Steely Dan comes to Bend
Published 12:00 am Friday, June 27, 2014
- Courtesy Danny ClinchSteely Dan
If you think rock music is all about unkempt types banging it out in derelict garages, their hulking amps cranked to 11, and a squad car already en route with the uncool neighbors to blame, you’re not incorporating Steely Dan into your rock schema.
Steely Dan is not your garage band. When Donald Fagen and Walter Becker get to playing, the neighbors start tapping their feet and recollecting their gloriously misspent Me Decade. (That’s a reference to the 1970s for readers too Millennial to recall.)
By any measure, it was a musically happening decade, chockablock with Black Sabbath and Led Zeppelin, neither of which could quite drown out those John Denver and James Taylor acoustic murmurings. Funk was in full force. Starland Vocal Band (discovered by Denver!) put out “Skyrockets in Flight” and Toni Tenille sang of “Muskrat Love.” Good luck ignoring the polyester pulse of disco and the pugilistic 1-2-3-4 count of The Ramones.

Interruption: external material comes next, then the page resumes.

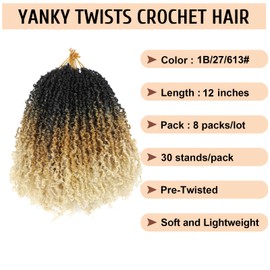 IIFLYDSFA Pre Looped Yanky Twist Crochet Hair 12 Inch 8 Packs 3 Tones Ombre Blonde 1B/27/613# Fluffy Spring Mini Twist Passion Twist Bohemian Synthetic Crochet Braiding Hair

But if the decade had to be distilled into one lite-rock soundtrack, one could argue in favor of the flavorful tunes of Steely Dan, a band that coolly incorporated jazz, soul and R&B into a cerebral, radio-friendly sound that some music critics could and did gush all over. Heck, before he joined the Doobie Brothers as a lead singer, Michael McDonald sang backup in this band.Even if you don’t know or care about rock history, you probably know Steely Dan’s biggest hits, such as “Do it Again,” “Reelin’ in the Years” and “Rikki Don’t Lose that Number,” to name but some.
The band’s lineup has shape-shifted over the years, but Fagen (keys) and Becker (bass) are the beating hearts — and imposingly serious faces — of Steely Dan. The two met at Bard College in 1967, according to www.steelydan.com, and began writing and playing together under a variety of names, including one incarnation, The Leather Canary, in which the inimitable Chevy Chase sat in on drums.
In 1971, with the help of producer Gary Katz, Fagen and Becker secured a songwriting gig in Los Angeles for ABC Records, then assembled their own band “after realizing that the songs they were writing were too sophisticated for the other artists,” or so sayeth the Dan’s website. The two fans of Beat-lit settled on the name Steely Dan, a name shared by, um, a sexual apparatus in William S. Burroughs’ “Naked Lunch.”
Their first album, “Can’t Buy a Thrill,” dropped in 1972, spawning the hit “Do it Again,” the first of many Steely Dan singles to ride high on the Top 40 charts.
The rest is history. While you still can’t necessarily buy a thrill, you can sure pony up the cash to see these living rock legends during a rare stop in your hometown.